- [Problem statement]
Transcribe the records that follow in their entirety, omitting any pictures.

- [Source information]
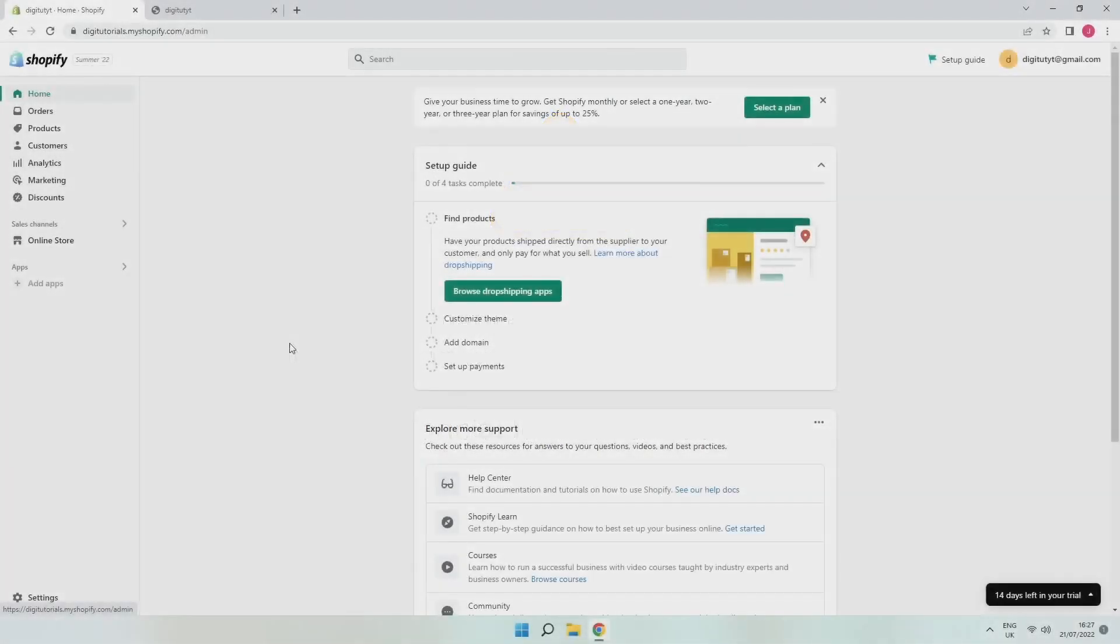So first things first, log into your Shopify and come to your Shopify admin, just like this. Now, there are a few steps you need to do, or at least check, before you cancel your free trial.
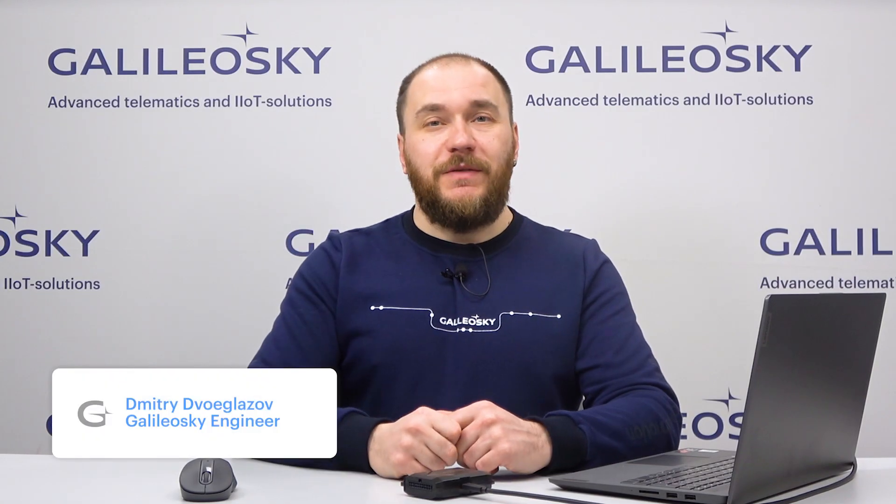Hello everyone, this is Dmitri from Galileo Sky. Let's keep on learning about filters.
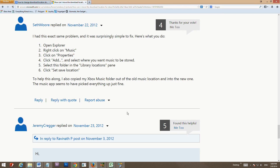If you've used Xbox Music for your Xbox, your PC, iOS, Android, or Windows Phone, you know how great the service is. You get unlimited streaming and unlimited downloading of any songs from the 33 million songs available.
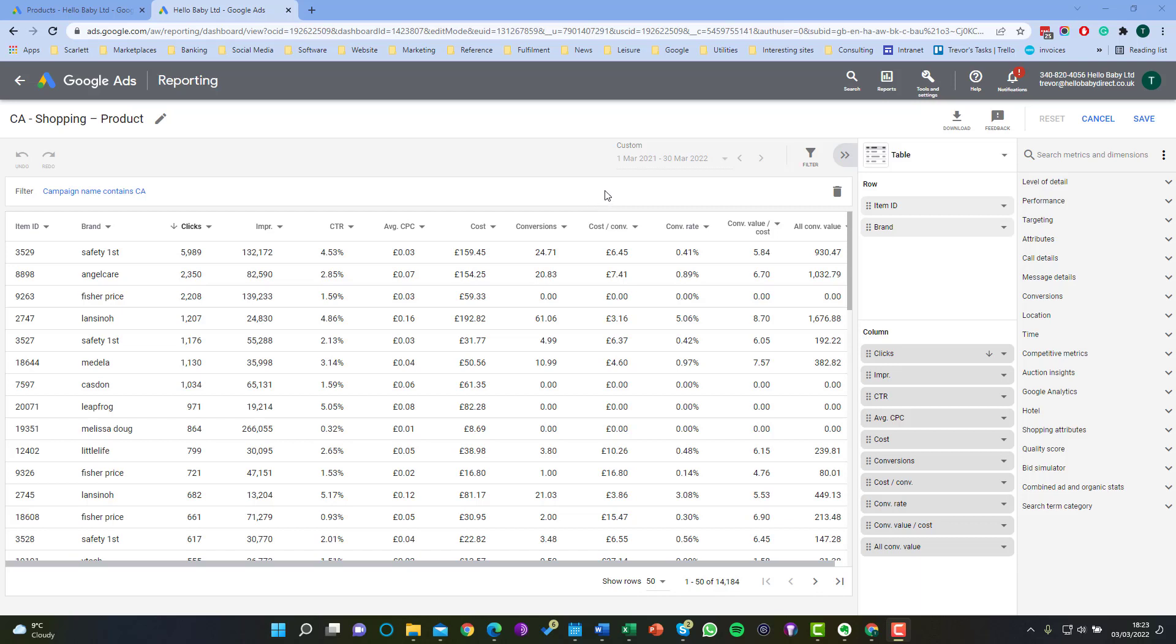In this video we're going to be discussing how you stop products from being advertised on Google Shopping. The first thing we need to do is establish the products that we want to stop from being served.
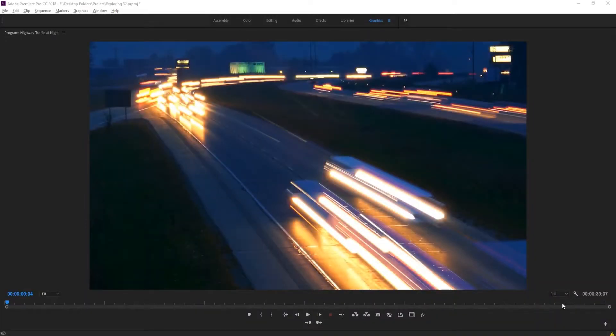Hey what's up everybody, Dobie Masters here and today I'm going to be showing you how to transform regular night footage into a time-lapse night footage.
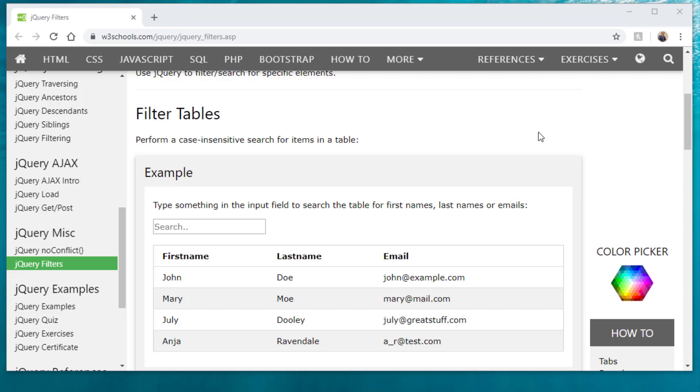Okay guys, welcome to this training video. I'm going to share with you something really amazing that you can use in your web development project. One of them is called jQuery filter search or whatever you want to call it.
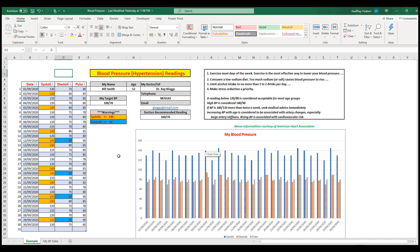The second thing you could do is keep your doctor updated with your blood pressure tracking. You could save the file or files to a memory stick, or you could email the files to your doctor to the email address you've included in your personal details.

- [Written response]
So first things first, log into your Shopify and come to your Shopify admin, just like this. Now, there are a few steps you need to do, or at least check, before you cancel your free trial.
Hello everyone, this is Dmitri from Galileo Sky. Let's keep on learning about filters.
If you've used Xbox Music for your Xbox, your PC, iOS, Android, or Windows Phone, you know how great the service is. You get unlimited streaming and unlimited downloading of any songs from the 33 million songs available.
In this video we're going to be discussing how you stop products from being advertised on Google Shopping. The first thing we need to do is establish the products that we want to stop from being served.
Hey what's up everybody, Dobie Masters here and today I'm going to be showing you how to transform regular night footage into a time-lapse night footage.
Okay guys, welcome to this training video. I'm going to share with you something really amazing that you can use in your web development project. One of them is called jQuery filter search or whatever you want to call it.
The second thing you could do is keep your doctor updated with your blood pressure tracking. You could save the file or files to a memory stick, or you could email the files to your doctor to the email address you've included in your personal details.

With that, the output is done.